Les transferts nets s’obtiennent en soustrayant les transferts reçus par les individus des transferts versés par les individus à l’État. Toutefois, le fait que le niveau de ces transferts nets soit positif ou négatif dépend largement des différentes composantes des transferts qui ont été prises en compte lors de cet exercice (tous les postes des dépenses et des recettes ne sont pas couverts[1]), ainsi que de la situation budgétaire en vigueur durant l’année choisie. Dès lors, les résultats de cet exercice sont présentés sous la forme de différences par rapport à la moyenne du pays. Ainsi, un chiffre positif indique qu’il s’agit d’un groupe pour lequel les transferts nets sont supérieurs à la moyenne, tandis qu’un chiffre négatif signale que la contribution nette aux finances publiques de ce groupe est inférieure à la moyenne. Un avantage supplémentaire de cette approche réside dans le fait qu’elle donne exactement les mêmes résultats que lorsque toutes les autres dépenses publiques et recettes publiques – celles qui ne sont pas explicitement couvertes dans le cadre de l’approche proposée – sont réparties par tête de manière égale entre tous les résidents.

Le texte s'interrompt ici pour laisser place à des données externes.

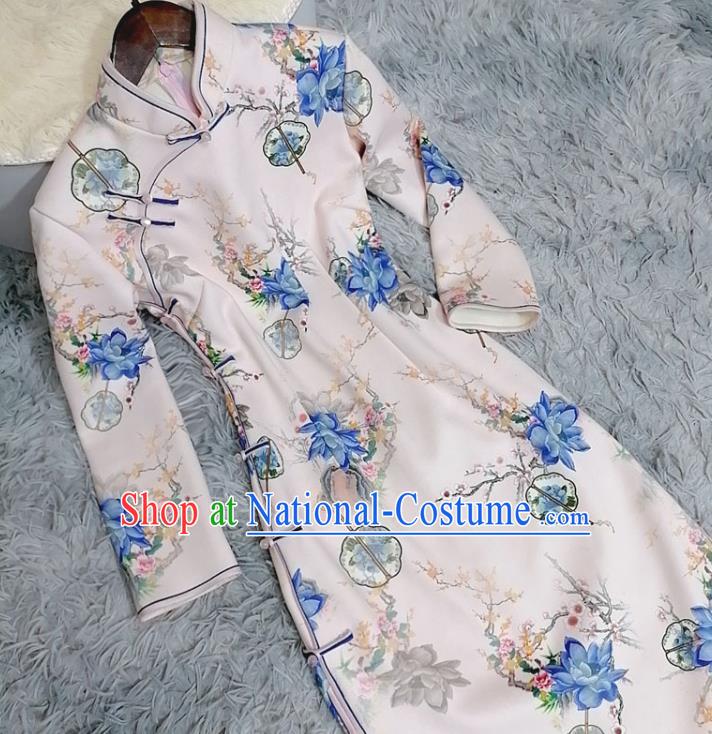 Chinese Classical Printing Blue Mangnolia Qipao Dress Traditional Shanghai Women Cheongsam Clothing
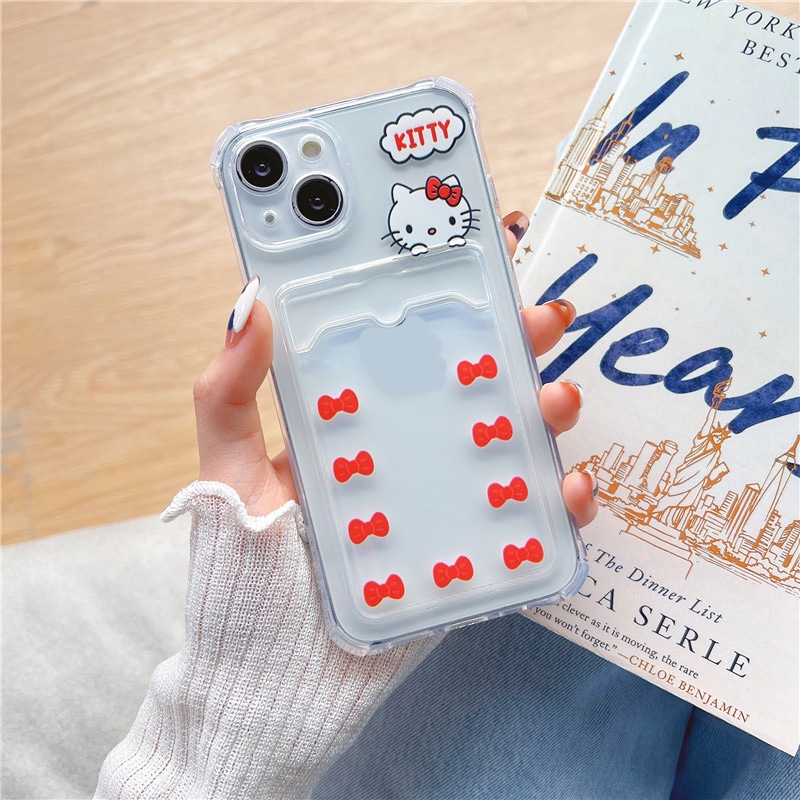 Ốp Điện Thoại Tpu Dẻo In Hình Winnie / Kitty Có Ngăn Đựng Thẻ Cho iphone 8 Plus / 11 / xs max / 12 / 13 XR Giá Đỡ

Les différents types de transferts, reçus et versés par les individus, sont fortement liés à l’âge. Au niveau agrégé, les transferts reçus par les individus augmentent progressivement avec l’âge jusqu’aux environs de 60 ans, moment où ils affichent une hausse significative correspondant aux prestations de pension. Les transferts payés par les individus augmentent eux aussi avec l’âge, jusqu’aux alentours de 50 ans, moment où ils commencent à diminuer, ce qui reflète dans une large mesure le parcours professionnel de la plupart des travailleurs. Le taux d’emploi, de même que le niveau de salaire perçu, sont donc des éléments déterminants pouvant expliquer les différences en termes de transferts payés.
[1] Nous avons fait le choix délibéré de limiter l’analyse aux transferts versés et reçus par l’État. Les transferts sont par définition des paiements sans contrepartie directe. Il s’agit donc de transactions purement distributives. D’autres dépenses individualisables, comme l’éducation, ne sont pas prises en compte dans l’analyse. D’un point de vue théorique, il est impossible de définir les bénéficiaires finaux de ces dépenses : il s’agit bien sûr des étudiants eux-mêmes, mais aussi des employeurs et de la société dans son ensemble. En outre, le choix d’inclure ce type de dépenses dans l’analyse poserait problème en raison du manque d’informations détaillées.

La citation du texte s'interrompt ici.